I have a Postgres SQL table that looks like the following:
The index_constituents table:
id date opening_closing ISIN
1 2016-05-03 O AAAAAA
2 2018-04-03 C ABDFGJ
5 2020-01-02 C HIFHSA
10 2024-01-01 C FOHOAS
111 2022-05-05 O JIOFHS
15 2016-05-03 C AAAAAA
16 2018-04-03 O ABDFGJ
20 2020-01-02 C HIFHSA
....
The opening_closing field will only have vals of O and C.
The real table has over 13k rows and something like 2k dates in total.
What I am trying to do is check for each date. If the ISIN appears in both the O and C rows.
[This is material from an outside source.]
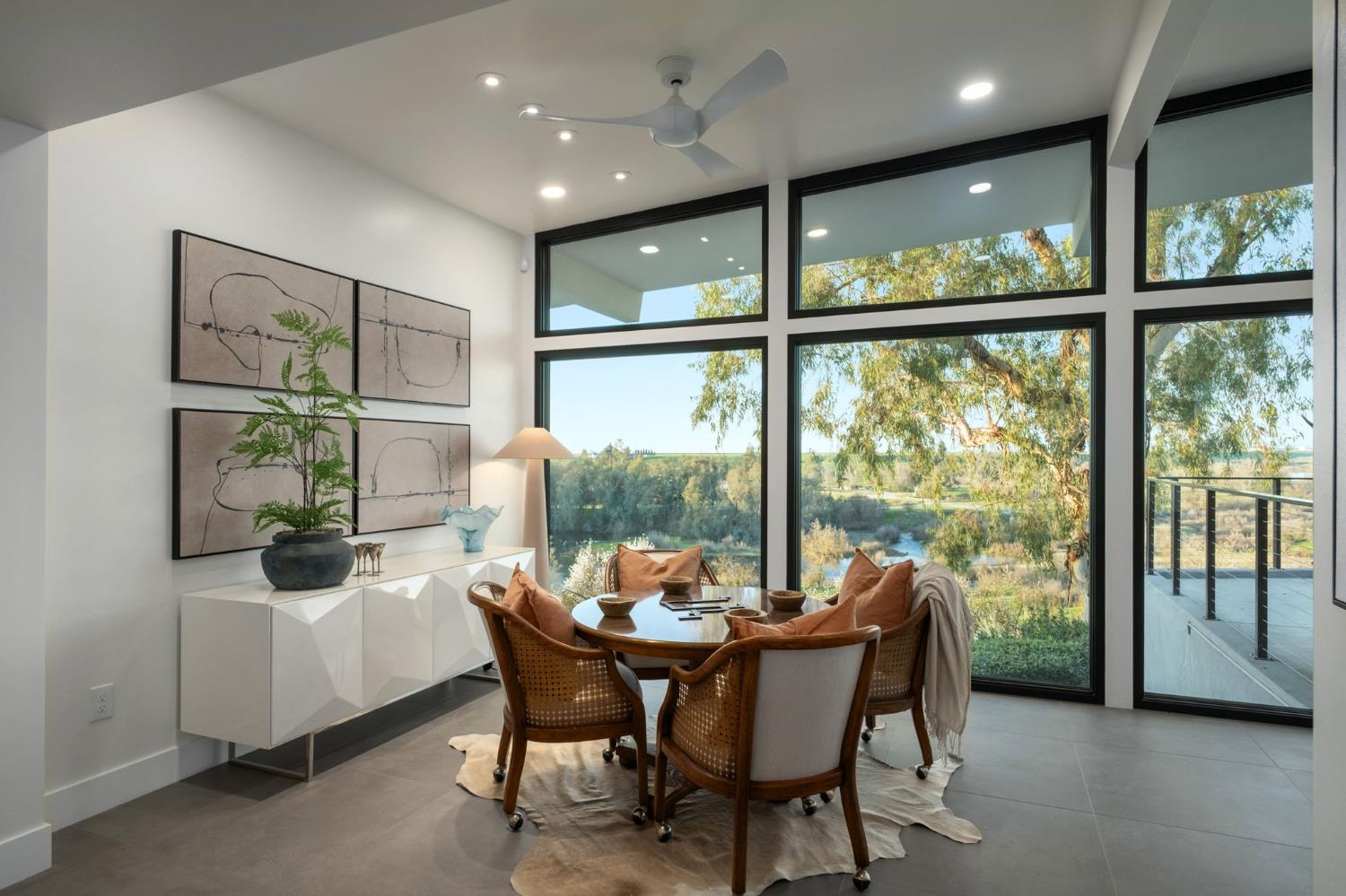 1230 W Moraga Rd, Fresno, CA 93711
If it appears in one but not the other, then I would like to return the ISIN.
So In the example above, ISIN=AAAAA appears in id 1 and 15, where row 1 has O and row 15 has C, so that ISIN is okay and I DO NOT want it to be returned.
Whereas ISIN=FOHOAS only appears in a C row (id=10) but does not appear in a row with O, so I would like it to be returned in the final result.
The final result would just be all the ISINs that appear in either a C row or O row but not both.
For the above example, I would expect FOHOAS and JIOFHS to be returned only.
You could group by the date and the isin, and then count the distinct number opening_closing values it has:
SELECT date, isin
FROM index_constituents
GROUP BY date, isin
HAVING COUNT(DISTINCT opening_closing) < 2